Triple-Smoky Macaroni and Cheese
Vegetarian; not vegan nor gluten-free
Serves 6-8 as a main course
- 1 pound elbow macaroni
- 8 tablespoons butter, divided
- 4 cups cubed bread, preferably rustic, preferably dry/stale (but not moldy!)
- 2 cloves garlic, minced
- 1/4 cup all purpose-flour
- 4 cups whole milk
- 1/2 onion, finely diced
- 1 tablespoon smoked paprika
- 1 teaspoon rosemary, minced
- 1 chipotle pepper (canned in adobo sauce), minced, or 1/4 cup Frontera chipotle sauce
- 1 teaspoon oregano
- 1/4 teaspoon nutmeg (preferably freshly grated)
- 8 ounces smoked cheddar (or other smoked cheese), grated
- 8 ounces mozzarella (not fresh mozzarella), grated
- salt to taste
- Bring a large pot of salted water to a boil. Boil the macaroni according to package directions, draining when it is just becoming al dente. This will bake more in the oven, so don't overcook it. Drain and toss with 2 tablespoons butter.
- If the bread isn't fully dried, toast it on a tray in the toaster oven, toaster or skillet, and then allow to cool. Grind in a food processor until you have fairly coarse crumbs. Heat 2 tablespoons butter in a skillet over medium heat, add the garlic, a pinch of salt, and the breadcrumbs.
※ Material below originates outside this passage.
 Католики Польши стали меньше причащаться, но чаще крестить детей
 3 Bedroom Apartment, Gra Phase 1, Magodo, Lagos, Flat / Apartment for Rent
Cook, tossing frequently, until lightly browned. Set aside to cool. At this point people will be crowding your kitchen, asking "what's for dinner?" because of the smell of garlic butter.
- Preheat oven to 350 and grease a large baking dish.
- In a medium saucepan, melt the remaining 4 tablespoons of butter over medium-low heat. Sprinkle in the flour and whisk pretty constantly for 3 minutes. Whisk in the milk. Add the onion, smoked paprika, rosemary, chipotle, oregano, and nutmeg. Simmer, whisking occasionally until it begins to thicken.
- Gradually whisk in the grated cheeses, stirring each batch to incorporate.
- Taste the sauce, and adjust the seasoning to your preference. It will probably need a little salt, but maybe not too much depending on the cheeses. Add more spiciness if desired. Remember that the sauce should be pretty intense because it is going to be diluted by a full pound of pasta.
- Stir the macaroni into the sauce. Pour the macaroni into the prepared pan.
- Top with the garlicky breadcrumbs (you might not need all of them).
- Bake for about 30 minutes, until you can see bubbling around the sides and the breadcrumbs are nicely browned.
- Let stand for 5-10 minutes (to set) and serve.